Parents look back on Beaver’s journey to WCWS

South Side alum competing with Alabama softball

Posted

Kayla Beaver grew up playing softball and cheering for the Alabama Crimson Tide in all sports.

She especially loved the softball program that won a national championship in 2012, when she was just beginning to get into the sport and pursuing a possible future as a pitcher in travel ball.

Her parents, Shane and Jessica, have watched her grow up from the 4-year-old that first picked up a ball into the travel ball player that was obsessed with the game to the high school athlete hoping for a chance to play the game in college to now a second-team All-American pitcher for the Crimson Tide preparing to play in the Women’s College World Series in Oklahoma City.

“Honestly it’s all just kind of surreal at this point,” said Shane, who spent many early mornings working with Kayla on her pitching before school and late Sunday nights getting back to Jackson before school and work on Monday after travel tournaments all over the South. “To know everything she’s come through to be at this point, enjoying this moment, it’s a lot to take in.”

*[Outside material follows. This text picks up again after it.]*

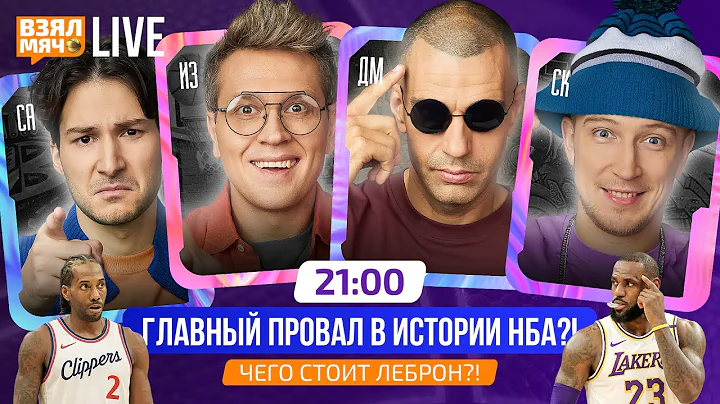ГЛАВНЫЙ ПРОВАЛ В ИСТОРИИ НБА?! | ЧЕГО СТОИТ ЛЕБРОН? — Взял Мяч Live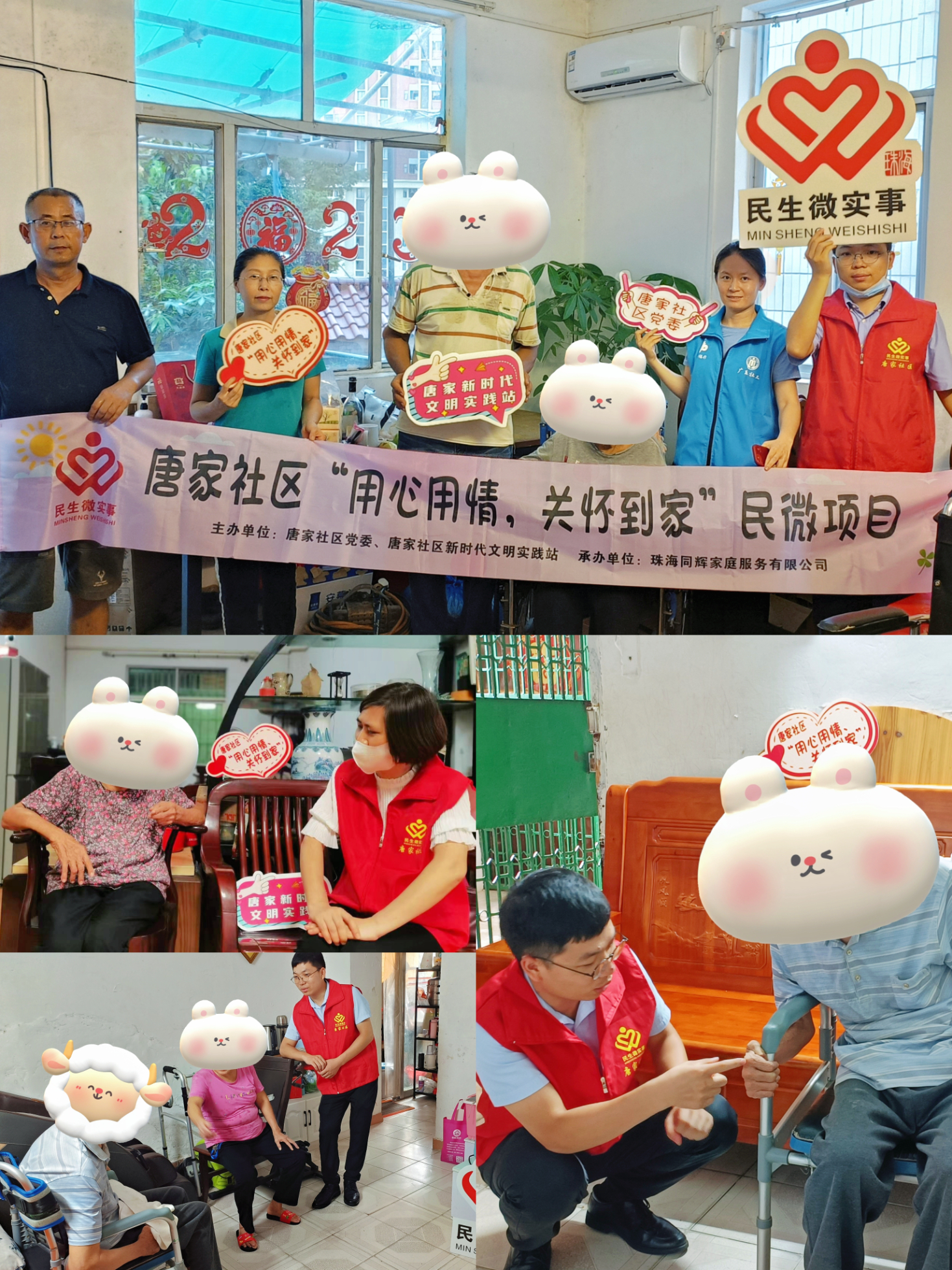 同輝家政 同輝家政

Shane and Jessica were doing a phone interview Monday evening after having returned home from Knoxville early Monday morning after watching Kayla and the Crimson Tide hold on to beat the University of Tennessee in the NCAA Super Regionals, a three-game series in Knoxville in which Alabama dropped the first game and had to win two on the road against a team that took three of four from Alabama in the regular season.

This season is the only one Kayla has played for Alabama. Upon graduating from South Side in 2019, she went to play for Central Arkansas, where she helped lead the program to the NCAA regionals last year, where they played at Alabama.

“Everybody thinks that she’s at Alabama now because of how she played in that regional,” Jessica said about a weekend performance in which Kayla pitched 9.2 innings, struck out eight and gave up three runs. “But it may have been a factor, but it wasn’t the only thing.

“It wasn’t like that regional was also her tryout for Alabama softball, because at the time, Kayla didn’t know what she was going to do after that.”

With another year of eligibility remaining because of the fifth year the NCAA granted all athletes in 2020 because of the COVID-19 pandemic, Shane and Jessica had a conversation with their daughter about her future before she left Tuscaloosa that night on the team bus.

“She had a seven-hour trip where she was going to be alone on a bus, so she had time to think about it, but whatever it was, we told her it was her decision and we’d support her,” Jessica said.

Two days later after a conversation with the coaches at Central Arkansas, Kayla entered the transfer portal.

“She said she wanted to see what was available to her and wanted to play for a program where she could contend for a championship, play against the best and not wonder ‘what if,’” Shane said. “The UCA coaches understood and were great about it, and we appreciate the time they invested in her there too.

“Because she had a great career and got to do a bunch of good things there.”

Kayla made visits to five schools before landing in Tuscaloosa, and she was viewed as the probable replacement for Montana Fouts, arguably the best softball player in UA history who led the Crimson Tide to the WCWS last year.

“We told her the comparisons would come, but they didn’t matter,” Shane said. “The only person she needs to compete with is yesterday’s version of herself. If she’s constantly trying to beat that girl, she’ll be OK.”

Kayla has gone through a year in Tuscaloosa now with everything coming down to this national championship tournament in Oklahoma City.

Crimson Tide head coach Patrick Murphy confirmed during one of the postgame press conferences that she actually had surgery on her non-pitching hand during the season and was back on the field three days later.

“This is what she’s wanted to do – all she’s ever wanted to do,” Shane said. "She’s loved it since she was 4, loves it now and we’ll see what happens in Oklahoma City.”

Kayla is coming off a 10-inning performance to help the Crimson Tide get past the Lady Vols on Saturday then got out of a bases-loaded jam to preserve the win in Game 3 to get to the WCWS. For the season, her record as a starter is 18-9 with a 1.58 earned-run average.